5 thoughts on “A more positive take on the ‘yoga for back pain’ study”

  1. “In beginning that comment, the writer asks the key question: “What does ‘yoga’ mean?” I suspect the answer in mind is something that is not quite so easily measurable, but is that feeling you get when everything does unite.”

    Actually, Fred Travis at the Maharishi University of Management in Fairfield, IA, HAS started to get a handle on what “yoga” means, or rather, what the Yoga Sutras means by the statement “Yoga is the subsidence of mind fluctuations.” The “pure consciousness” state found in some TM meditators is characterized by high alpha EEG coherence in the front part of the brain and between the front and back parts of the brain. Some long-term TMers report having pure consciousness present 24 hours per day, 7 days a week, for years at a time, and they show this EEG pattern superimposed on top of the normal EEG of waking, dreaming and sleeping.

    This same EEG pattern also is more likely found in world champion athletes, classical musicians, top-level (business-saving, not Trump style) managers, and police officers who report that they consider police work to be a “spiritual calling.” They all tend to report “flow” more often than the average person, where they simply do the work, rather than think *about* the work they are doing.

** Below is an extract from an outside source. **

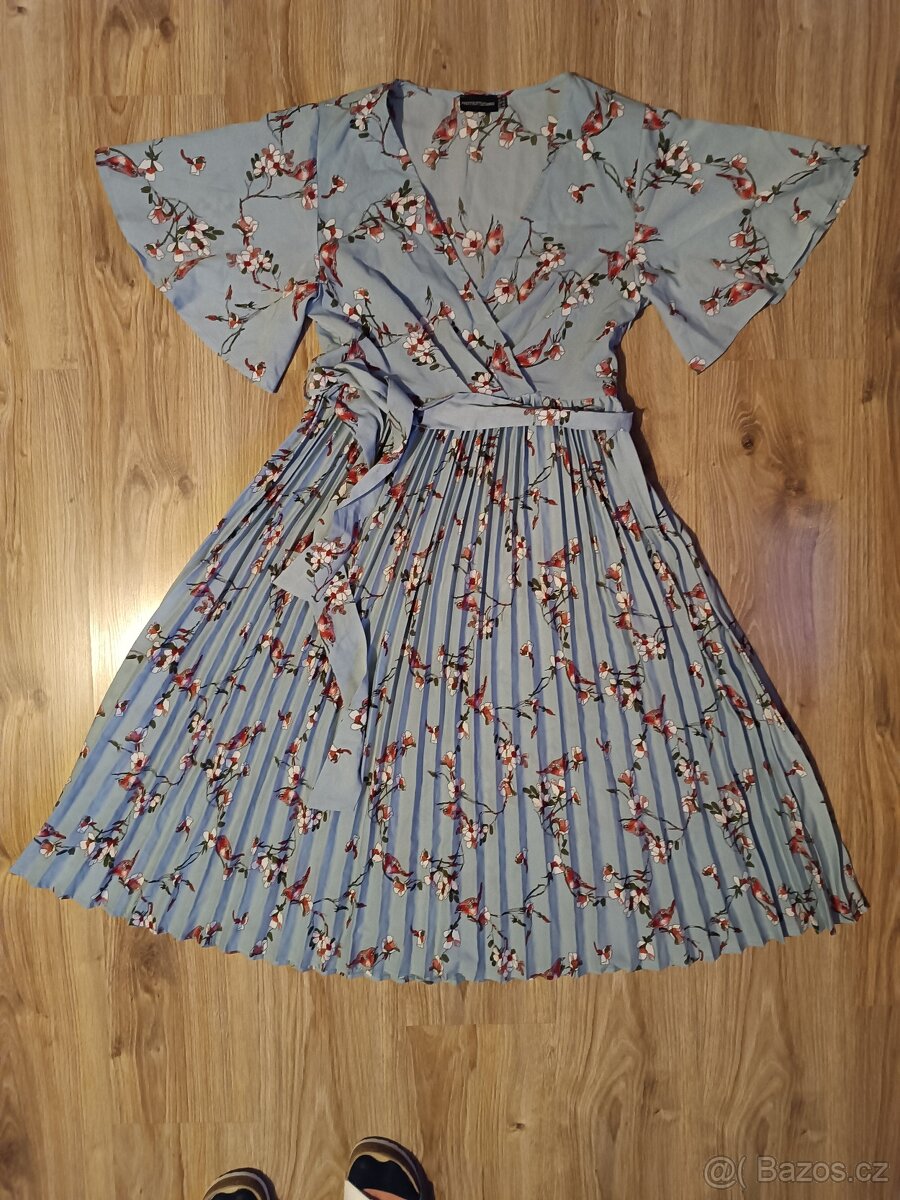 plisované šaty PrettyLittleThing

    Abraham Maslow suggested that “great” music would be more likely to induce flow in its listeners than “average” music would, and I would expect that a “great” yoga class, or “great” tai chi class, etc., would be more likely to induce flow as well.

    This all goes back to the yogic concept of “dharma,” or “duty” where your highest dharma is the one that is most likely to induce “flow” in your life.

    1. All good points and no argument here (and I hope/think I mentioned TM as leading the charge to apply scientific study to Eastern/Indian practices).

      That said, even today I’m seeing additional reactions to this study that are coming down to the “yoga is good for your body, not so much your mind.” So in the sense that judging whether 200-odd people got relief from back pain is easier to quantify than whether they felt a sense of calmness or unity or otherwise heightened awareness, I think Western science is still a ways off from being able to measure much beyond the effects of the asanas across a large scale.

      To another point: Would a better study be one that sent some control groups to do a dharma yoga program? A bhakti one? Maybe — although I can’t imagine how they’d measure it.


      1. THere are various documented physiological effects of various kinds of meditation. If the long-term outcome of asana and meditation converge to the same thing (enlightenment), you can see if there’s some similarity in physiological effects of asanas while practicing them, and see if there is some long-term similarity as well.